BEGIN DATA EXCERPT

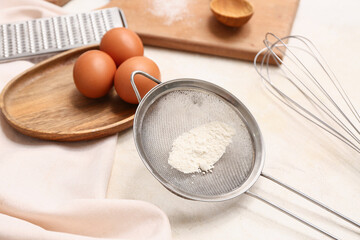 Metal sieve with flour, whisk, chicken eggs and grater on light background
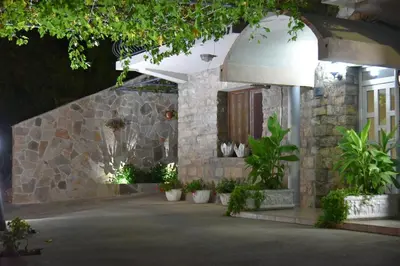 a stone house with plants in front of it at Studios Kalina in Budva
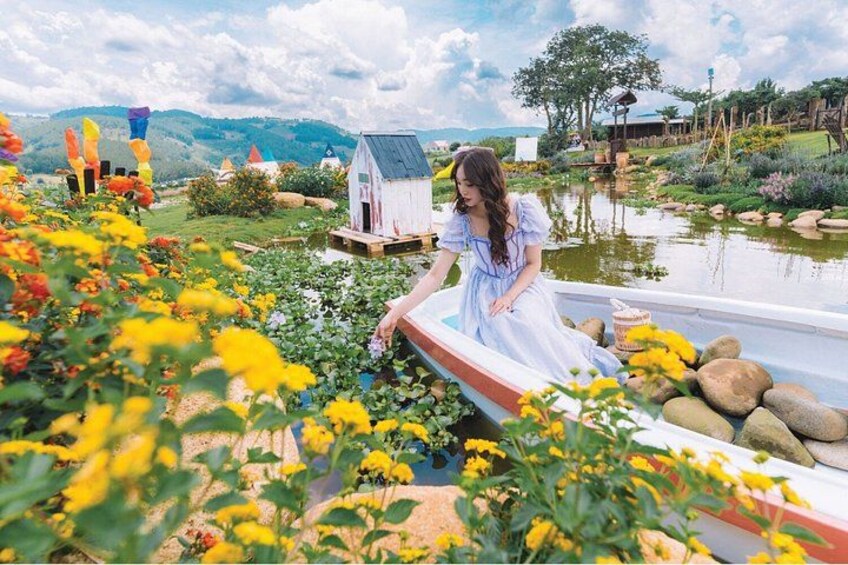 A woman in a white dress by a pond with flowers, a small house, and a rural landscape. 2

END DATA EXCERPT

◆ **TASK INSTRUCTIONS**
The job is to return the listing above exactly, minus its pictures.

◆ **ANSWER SECTION**
 Metal sieve with flour, whisk, chicken eggs and grater on light background
 a stone house with plants in front of it at Studios Kalina in Budva
 A woman in a white dress by a pond with flowers, a small house, and a rural landscape. 2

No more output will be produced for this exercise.